Development of the bus will involve GE's R&D Center at Schenectady, N.Y., its Transportation Systems Div. in Erie, Pa., and its Aircraft Group in Cincinnati, Ohio.
This type of bus has all the advantages of an electric trolleybus without the investment and maintenance of miles of overhead wires. The advantages over diesel buses are energy saving and reduced pollution. Compared with battery-driven vehicles, the flywheel buses can be "recharged" in 90 seconds, rather than many hours, and operated round the clock. Moreover, there is no need to replace expensive batteries; the service life of the flywheel bus should be similar to that of conventional buses.
The heart of the bus, the flywheel, runs in a sealed module containing low-pressure helium so as to minimize aerodynamic friction; if no current is drawn from the generator, the flywheel will spin for many hours.
A stack of steel disks weighing 1.5 tons and spinning at 10,000 rpm (167 revs a second!) is, of course, subjected to centrifugal stresses that could become dangerous if the disks were merely bolted together.
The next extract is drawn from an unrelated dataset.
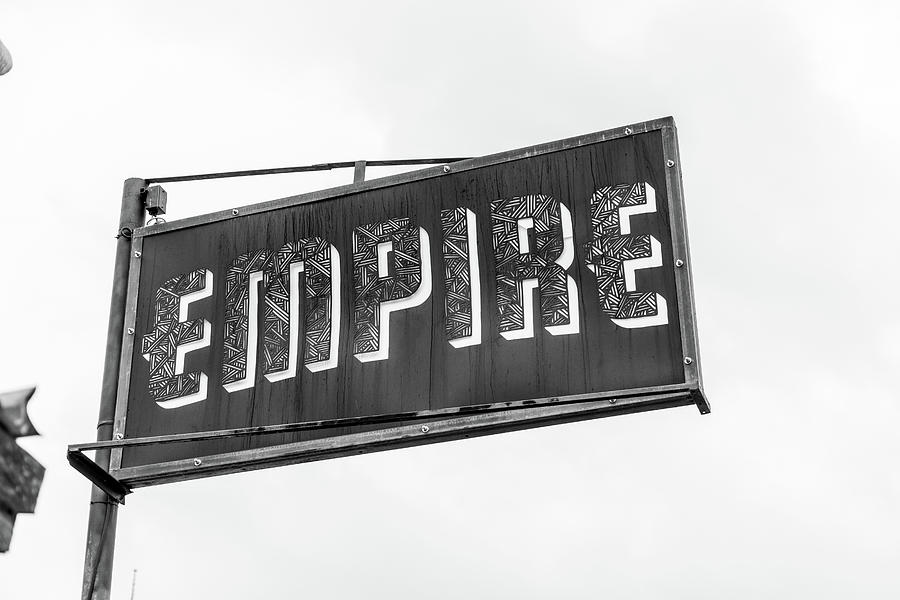 Empire sign Black and White Austin Photograph by John McGraw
They will therefore be "inertia-welded" by a comparatively new process in which a rapidly spinning disk is brought into precisely aligned contact with a stationary disk and pressed against it. The heat of friction is so high that the rings of contact melt and the two components fuse.
[More: "GE takes a spin on flywheel electric bus," Electr. Review (England), 28 Sep. 79; Economic and Technical Feasibility Study for Energy Storage Flywheels, ERDA Reprt 76-65/UC 94B (Dec. 75); Proc. of the 1975 Flywheel Technology Symposium 1975, ERDA Repet. 76/85 Nov. 75).]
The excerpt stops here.